Often times, when you’re focused on a mission, it can be easy to forget how that mission is perceived by others. What seems obviously true and objectively important to you may appear as questionable and only of subjective value to those around you. For those of us who are saved, we see the gospel through spiritually illuminated eyes as “the power of God and the wisdom of God” (1 Cor. 1:18-25). But for many, our faith is but another viewpoint in a sea of religions. In Japan, there is an old adage that goes something like: “many different roads lead to the top of Mt. Fuji.” As a religiously syncretistic culture, the Japanese people don’t mind other religions, but the claim that Jesus is the only way is a tough pill to swallow.
And yet, so many people have come to worship services after we invited them. We have had many friends who have attended worship and listened to me preach the gospel. They knew we lived in Japan as missionaries. We were there with the specific focus of bringing them to Jesus. They knew we wanted them to become Christians. And yet, that mission did not prevent them from building relationships with us and happily receiving our invitations. From the side of the missionary (or those supporting them) that may seem easy. But is it really?
We forget that for the Japanese people, Christianity appears as a foreign religion. How many of us would be willing to give up free time to attend a Mormon worship service or activity? How many of us would be comfortable going to a Buddhist temple upon receiving an invitation from a friend? Even if you could do it with a good conscience as a Christian, how comfortable would you feel attending? Would you go with your children? I think for most of us, we’d look for excuses not to go. We care about our friends, but maybe that’s a bridge too far.
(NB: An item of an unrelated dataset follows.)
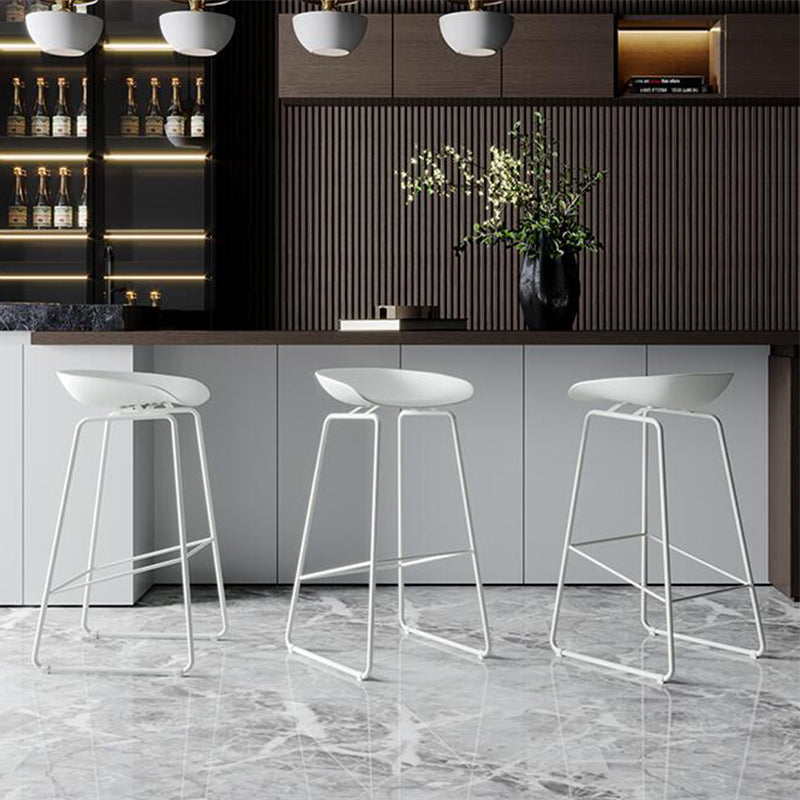 Modern Style Bar-stool Sled Legs with Iron Footrest Low Back Barstool for Kitchen Clearhalo 'Bar Furniture' 'Bar Stools' 'bar_stools' 'furn' 'furn_bar_stools' 'furniture_bar_stools' 'Kitchen & Dining Furniture' 'kitchen&dining_furn' 'kitchen' 'kitchen_furn' Furniture' 4440071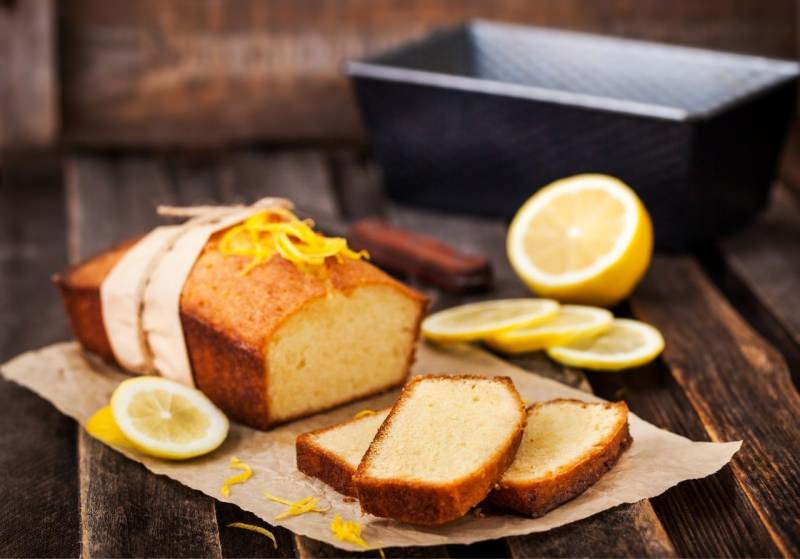 plumcake yogurt limone soffice stampo pound cake fette tagliere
Yet, so many of our Japanese friends crossed that bridge which I would have difficulty crossing myself.
I have come to see this as an act of grace. While they may not yet see the full value of Jesus, they care about us and they know it’s important to us. Attendance is thus an act of grace towards us. Knowing that fills my heart with thankfulness. Of course, I do want them to become disciples themselves, and I have used every one of those opportunities to the best of my ability towards that end. However, I am still grateful for that initial kindness.
I see in that kindness an important lesson for us as Christians. What our Japanese friends have really done for us is give us the benefit of the doubt. They have said that, while they don’t necessarily believe as we do, they’re willing to hear us out. They’re willing to give us the chance to explain why we find it so important, and they’re willing to reflect on it. What if we did that more for each other? What if more Christians were willing to give the benefit of the doubt to others? What if we could extend grace and just listen? I imagine there would be a lot of spiritual growth and a lot less division.
Because we see the spiritual truths of Christ, we tend to assume others will see it easily as well. Especially for those of us raised in the church, our faith seems obvious. We must never forget how not-obvious it is to much of the world, and thus we must be thankful when they are willing to hear us out. An open heart is an act of God’s grace, and it is an act of that person’s grace to extend it to us. May we never waste those opportunities, and may we learn from it in how we treat one another.